Study on the influence of high-rate charge/discharge cycle numbers and spacing on thermal runaway propagation in lithium-ion batteries

This study examines the effects of high-rate cycling and inter-battery spacing on thermal runaway propagation (TRP) in lithium-ion batteries through thermal abuse tests. Experiments were conducted under a 3C charge/discharge rate with cycle numbers of 30, 50, 70, and 100, and inter-battery spacings of 0 cm, 1 cm, 1.5 cm, and 2 cm.
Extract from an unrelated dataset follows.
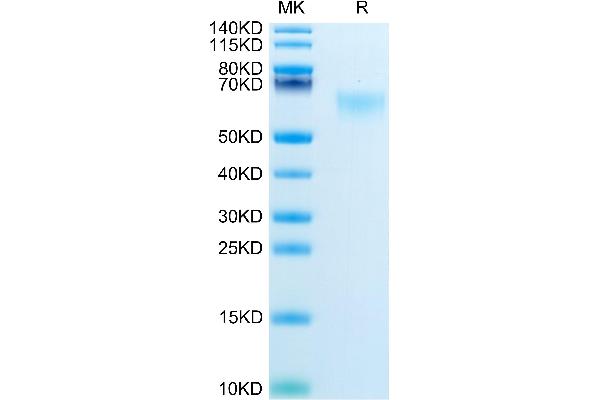 MADCAM1 Protein (AA 22-364) (His tag)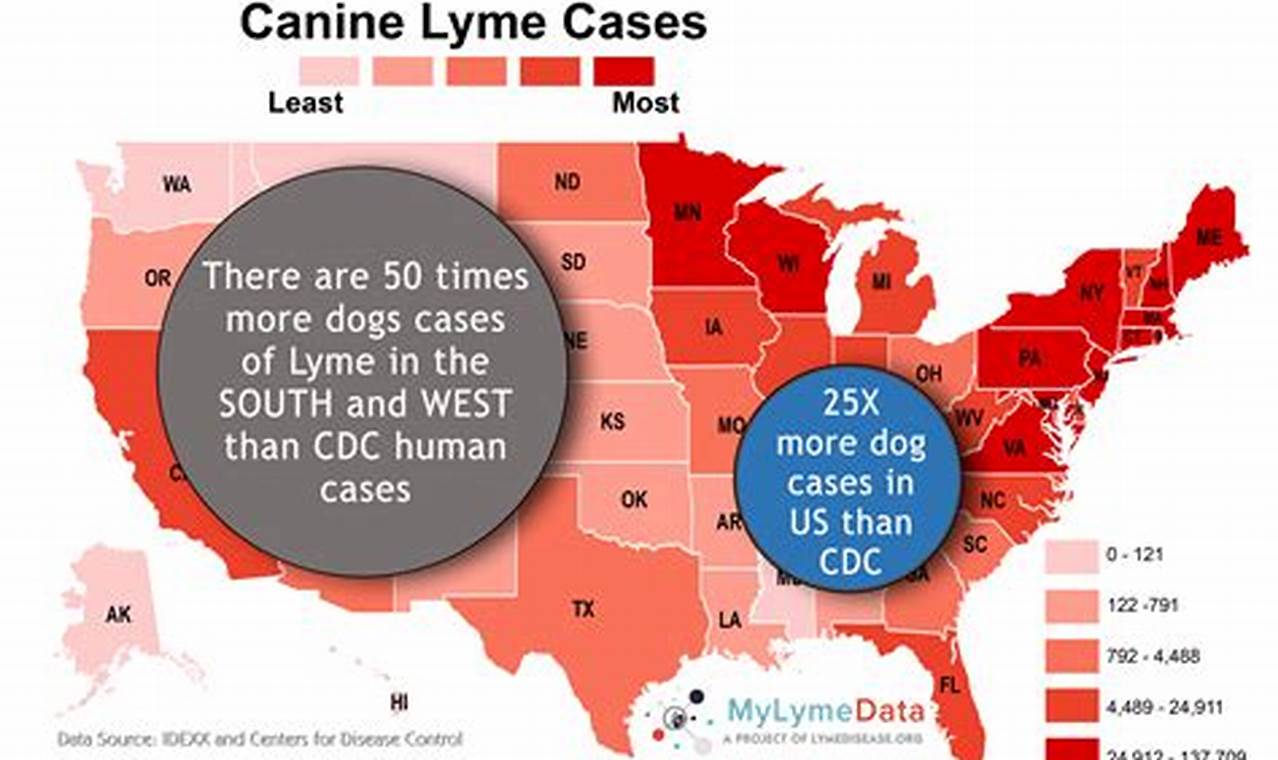 Dog Virus 2024 States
The results reveal that increasing spacing significantly delays the onset of TRP, with no TR occurring at a spacing of 2 cm and a maximum temperature of 72 °C, establishing 2 cm as the critical spacing for TRP. 100 charge/discharge cycles at a 3C rate resulted in a 21.3 % decrease in state of health (SOH), a 317-s advancement in thermal runaway (TR) onset time, and a 17.2 % reduction in peak temperature compared to 30 charge/discharge cycles. Declining SOH led to greater instability, shortening the time to trigger TR and reducing the peak temperature. The mass loss during TR was directly proportional to SOH. Thermal analysis showed that, at a 1 cm spacing, the second battery experienced TR with minimal heat absorption, whereas increasing spacing to 1.5 cm or 2 cm improved heat dissipation and extended TRP time, preventing TR despite increased surface temperatures. Additionally, at a 1 cm spacing, fewer charge/discharge cycles required greater heat absorption for the second battery to reach TR. Changes in electrode morphology after charge/discharge cycling were also examined. This research provides insights into TRP mechanisms in high-rate charge/discharge cycling, offering theoretical guidance for TR suppression and enhancing battery safety and energy storage technology.